We had a similar issue at or old house, speed all over the place.  Took them lots of visits to identify the issue.

 

We call them they would test while I was in the phone and mostly they would identify an issue.  Send engineer out, he would find nothing.

 

Issue was finally found as a broken wire on a pole down the road.

 

 

Exactly the same issue we had - broken wire in the pair at the pole where it joined the run to the house. However was not a clean break so the connection on that wire would come and go so the fault was intermittent. 

 

You just need to keep pestering BT who will keep pestering OR and eventually it will get sorted. Maybe ask them for an EE router (if your EE signal is any good).

 

On a related note... we have two circuits in the house, so two master sockets. One was voice only and the other voice and business broadband.

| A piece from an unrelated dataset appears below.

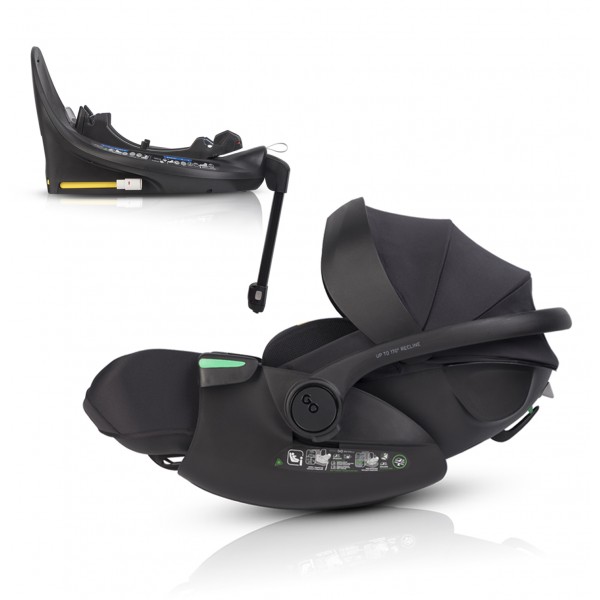 Lupinica Raztegljiva EasyGo Buz XTD + Vrtljiv Isofix | Ink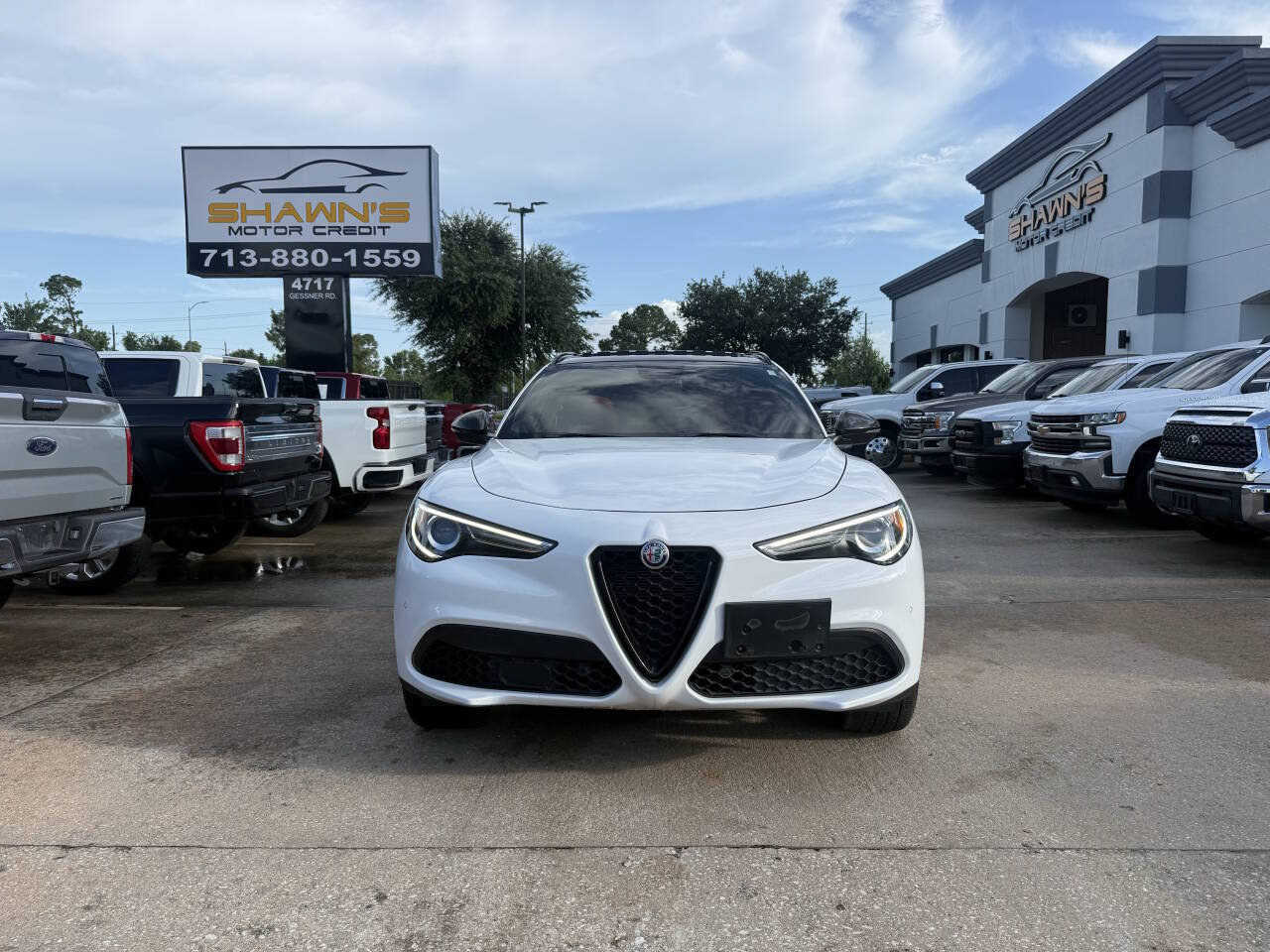 Used 2019 Alfa Romeo Stelvio Ti Sport w/ Quick Order Package 22S Sport AWD/4WD image 41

Neither were on BT but both had started out as BT contracts.

 

Anyway, we decided to consolidate them so in Jan this year we ported the voice only line back to BT and added broadband plus the WiFi discs, EE back up router etc.

 

On activation day, could not get it to work so logged a fault. Engineer came out and realised that the voice only master socket had the wrong face plate so he swapped it over and job done.

 

This month my BT bill has a £245 engineer charge! I get into a chat support call and, after checking engineer notes and the voice recording of my original call, they say it was because the problem was at the master socket it counts as my responsibility and I'd agreed to the fee if the fault was found on my part of the network.

 

I pushed backed hard and they were not budging until after two more go arounds, they acknowledged that the line had never carried data since install so it was an install fault. Got the fee removed but how many people would have had the technical knowledge to put up the fight?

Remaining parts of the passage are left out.